SOUTH BEND, Ind. (AP) — The Indiana Court of Appeals has overturned a lower court’s ruling ordering The Indianapolis Star to disclose the identity of a person who made anonymous comments on its website that a former chief executive of Junior Achievement of Central Indiana contends were defamatory.

The ruling Tuesday sets judicial standards that former CEO Jeffrey Miller must meet before seeking to obtain the commenter’s identity. They include notifying the anonymous commenter through the Star’s website that the commenter is the subject of a subpoena. Miller also must identify the exact statements he believes are defamatory. Finally, he has to give evidence the statements he believes are defamatory are false.

The ruling says that while the court doesn’t want “defamatory commenters to hide behind the First Amendment protection of anonymous speech, we must balance the prospect of too readily revealing the identity of these anonymous commenters.”

Kevin Betz, Miller’s attorney, called the decision a win for his client because Miller is going to be able to show he didn’t break any laws.

“The ruling is a victory for all individuals who want to protect their good reputation,” he said.

Editor Dennis Ryerson said The Indianapolis Star is pleased that the appeals court sent the case back to the lower court. He said the newspaper is still reviewing its options.

Stephen Key, executive director and general counsel for the Hoosier State Press Association, said the ruling was the first of its kind at the appellate level in Indiana. He said it provides a process to weed out frivolous libelous claims from people simply looking to find out the identities of those making anonymous comments.

“Now they have to go through a hurdle to show they have a legitimate libel case before an anonymous poster would be required to be identified in court,” he said.

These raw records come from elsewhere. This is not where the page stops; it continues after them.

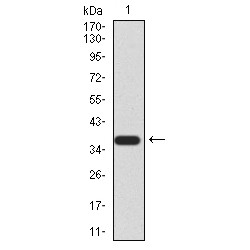 E3 Ubiquitin-Protein Ligase RAD18 (RAD18) Antibody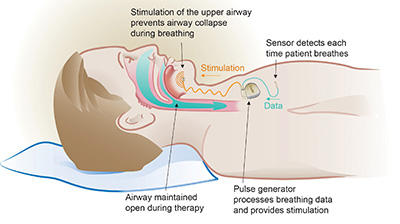 Inspire Therapy Implantable upper airway stimulation device 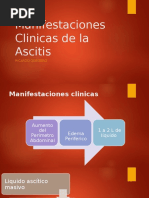 Manifestaciones Clinicas de La Ascitis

According to the appeal, The Indianapolis Star ran an online story on March 19, 2010, about Junior Achievement facing questions about its financial affairs, including questions about missed payments to contractors on a building project and unaccounted for grant money. The article quoted Brian Payne, president of the Central Indiana Community Foundation, as saying payments from a fund to Junior Achievement wouldn’t resume until an independent auditor could sort through what had become of $765,000 in grant payments that Junior Achievement had already received.

On April 6, 2010, “DownWithTheColts” posted: “This is not JA’s responsibility. They need to look at the FORMER president of JA and others on the (Foundation) board. The “missing” money can be found in their bank accounts.”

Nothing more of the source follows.